### Provided material
[Start of section]
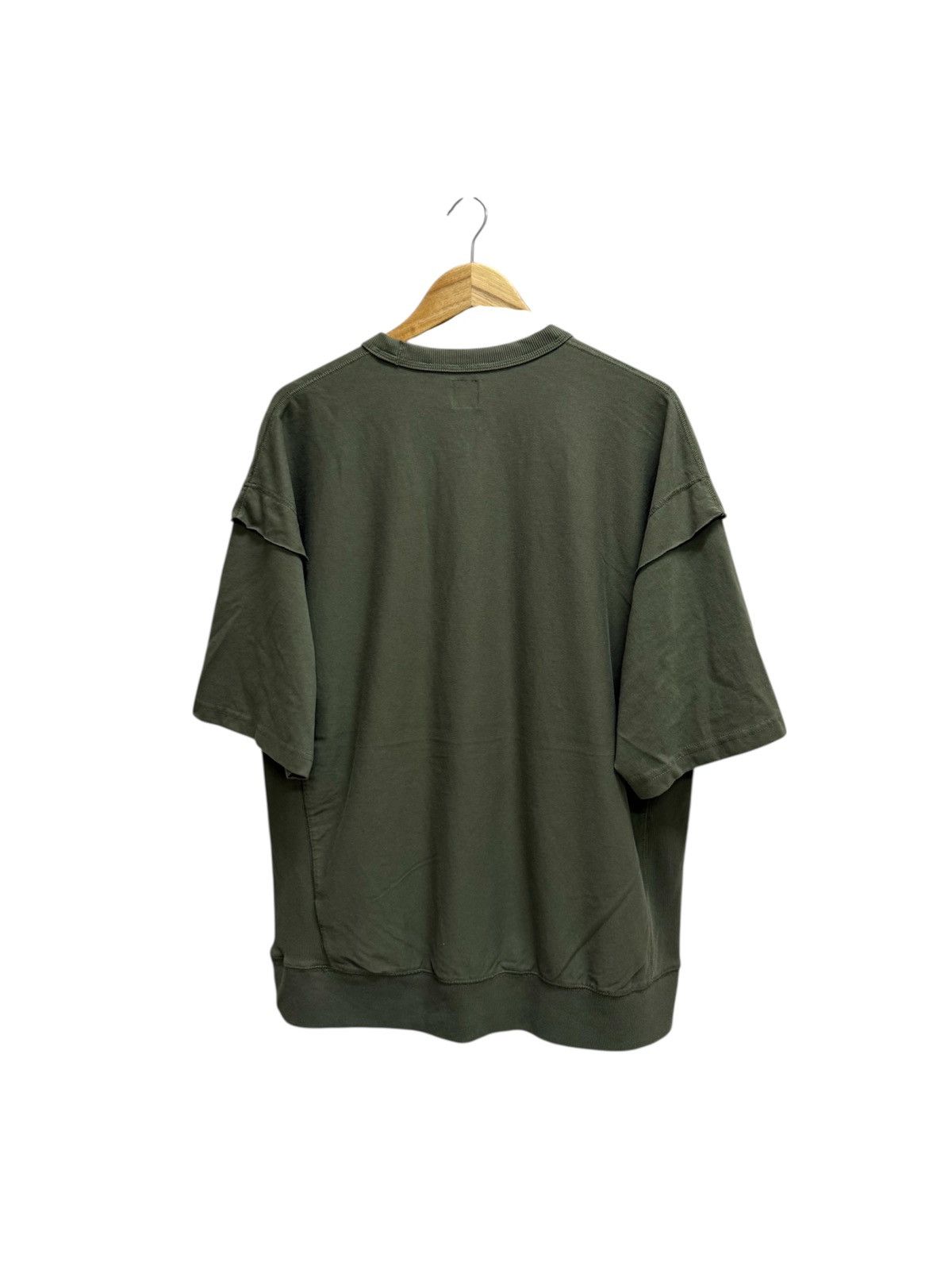 GU GU OLIVE GREEN SHORTSLEEVE SWEATSHIRT Size US XL / EU 56 / 4 - 2 Thumbnail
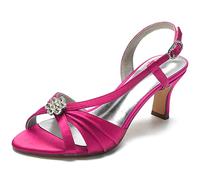 Yhsdfcn Satin Bridal Sandals Crystal Floral Brooch 6.5cm Kitten Heel Wedding Shoes Slingback Comfortable Peep Toe Evening Party Dress Sandals for Women,Rose red,4 UK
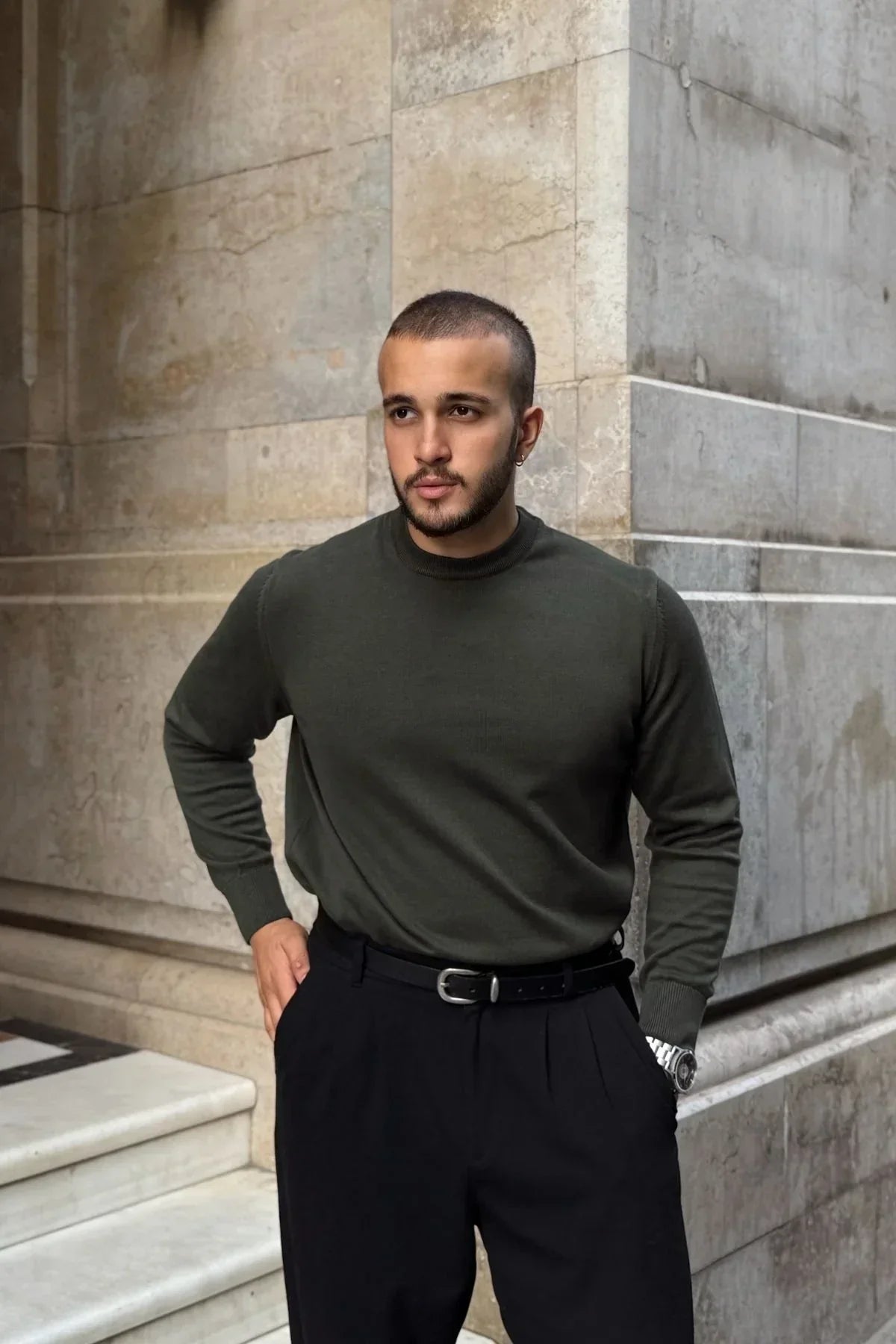 Acton Erkek %100 Organik Pamuk Bisiklet Yaka Triko Kazak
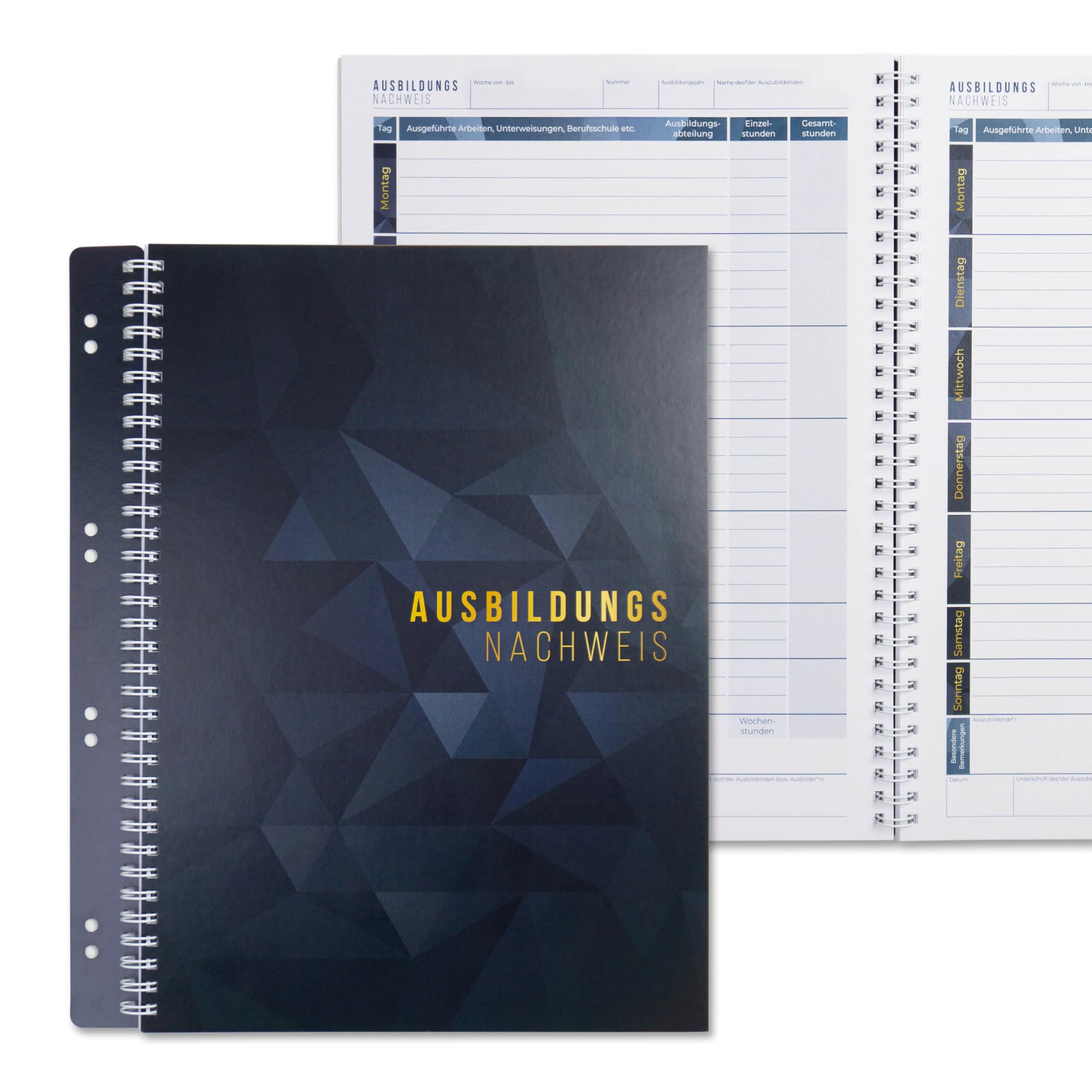 1 Premium Ausbildungsnachweis äußerst stabiles Hardcover Berichtsheft Ausbildung, DIN A4, 53 Wochen, extra dicke Seiten, Ausbildungsheft für IHK, Handwerk abheftbar in Ordner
[End of section]
### Your objective
Leave out any pictures and return exactly the lines from the beginning of the data through the line with "Acton Erkek %100", inclusive.

### Output
 GU GU OLIVE GREEN SHORTSLEEVE SWEATSHIRT Size US XL / EU 56 / 4 - 2 Thumbnail
 Yhsdfcn Satin Bridal Sandals Crystal Floral Brooch 6.5cm Kitten Heel Wedding Shoes Slingback Comfortable Peep Toe Evening Party Dress Sandals for Women,Rose red,4 UK
 Acton Erkek %100 Organik Pamuk Bisiklet Yaka Triko Kazak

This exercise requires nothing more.